## [WHAT IS BEING ASKED]
Return each entry below exactly. Skip the images.

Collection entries

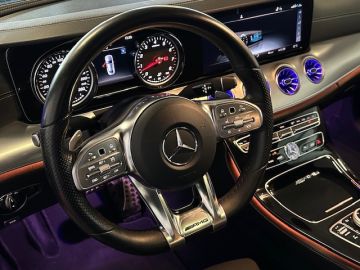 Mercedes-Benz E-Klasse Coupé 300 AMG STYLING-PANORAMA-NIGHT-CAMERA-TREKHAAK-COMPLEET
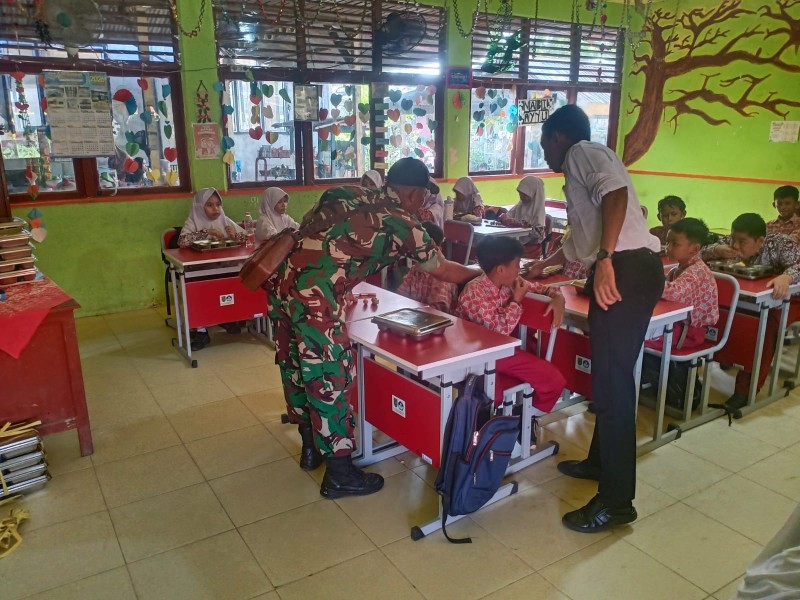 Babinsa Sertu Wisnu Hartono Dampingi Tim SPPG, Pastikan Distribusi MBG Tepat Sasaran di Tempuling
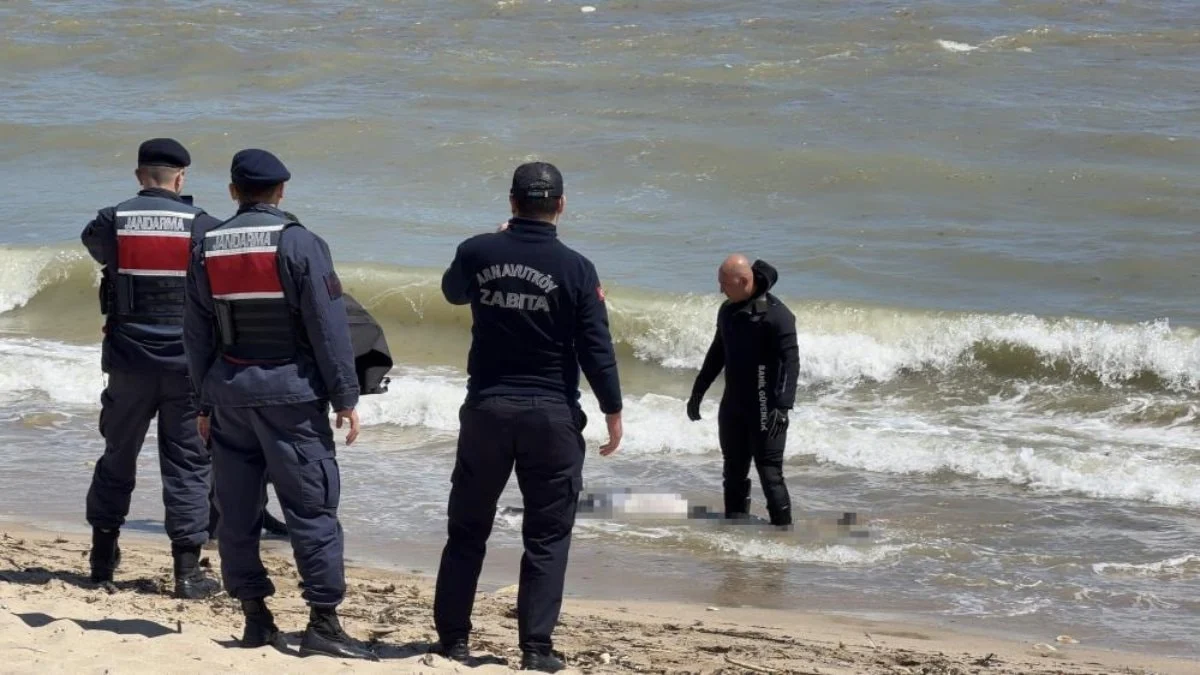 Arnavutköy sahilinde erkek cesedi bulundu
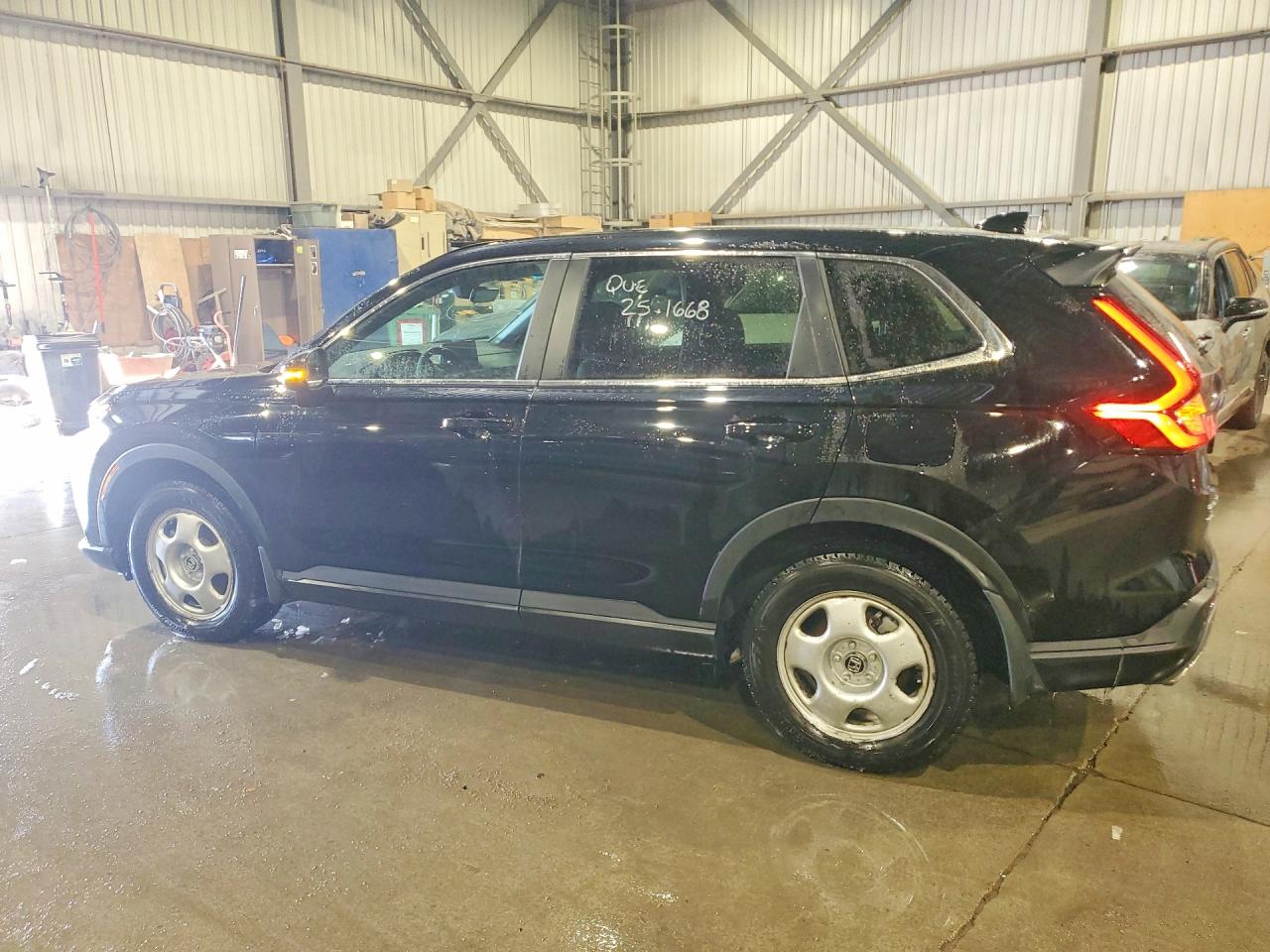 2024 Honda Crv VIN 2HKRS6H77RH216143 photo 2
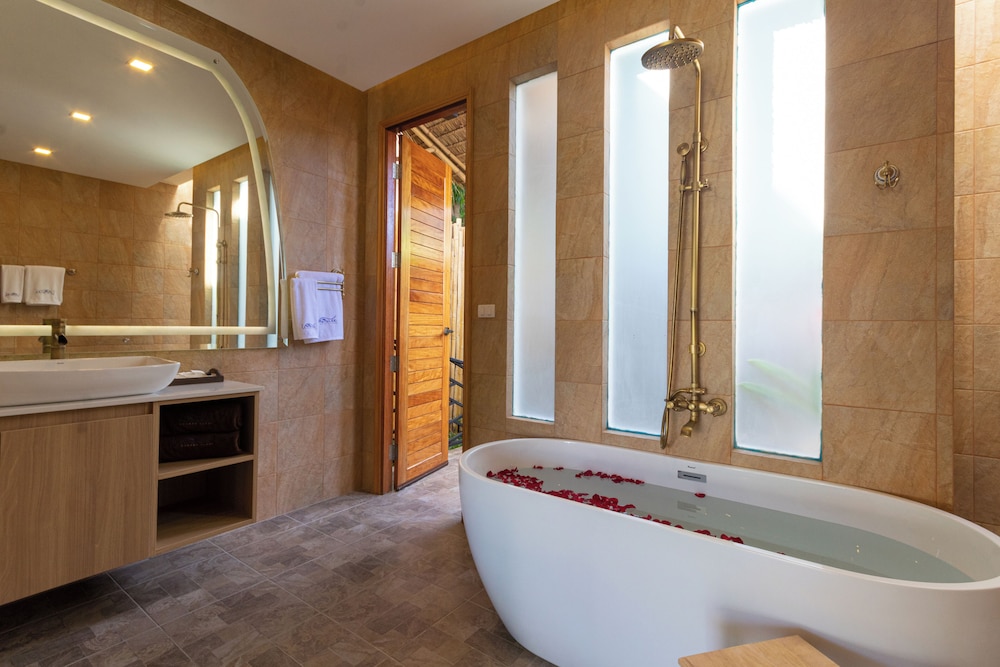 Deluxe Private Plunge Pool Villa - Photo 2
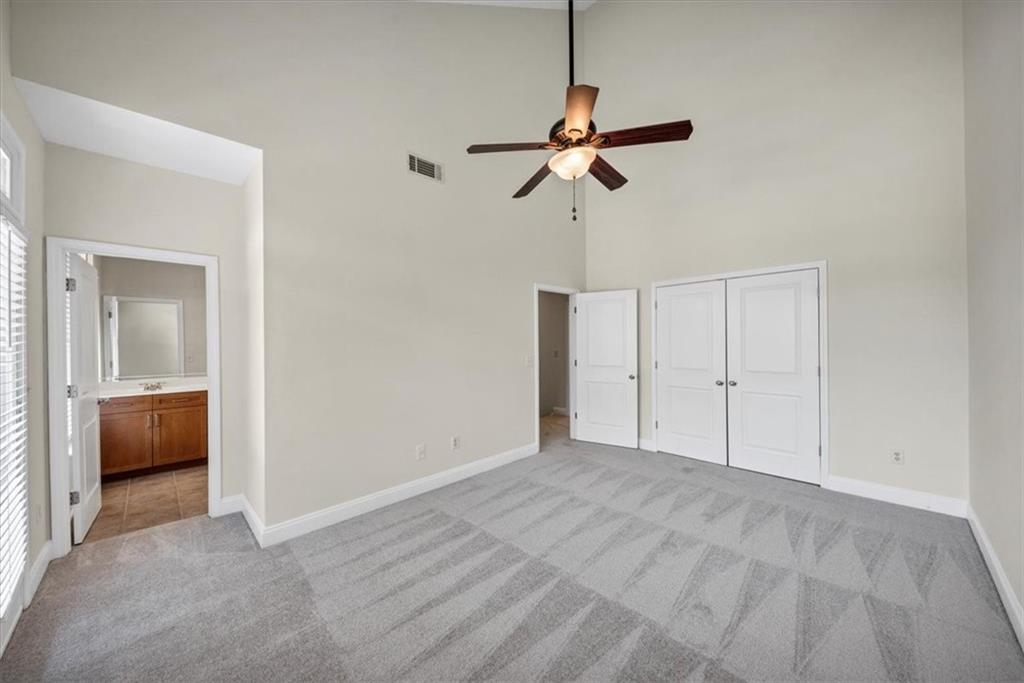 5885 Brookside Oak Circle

## [SOLVED PROBLEM]
 Mercedes-Benz E-Klasse Coupé 300 AMG STYLING-PANORAMA-NIGHT-CAMERA-TREKHAAK-COMPLEET
 Babinsa Sertu Wisnu Hartono Dampingi Tim SPPG, Pastikan Distribusi MBG Tepat Sasaran di Tempuling
 Arnavutköy sahilinde erkek cesedi bulundu
 2024 Honda Crv VIN 2HKRS6H77RH216143 photo 2
 Deluxe Private Plunge Pool Villa - Photo 2
 5885 Brookside Oak Circle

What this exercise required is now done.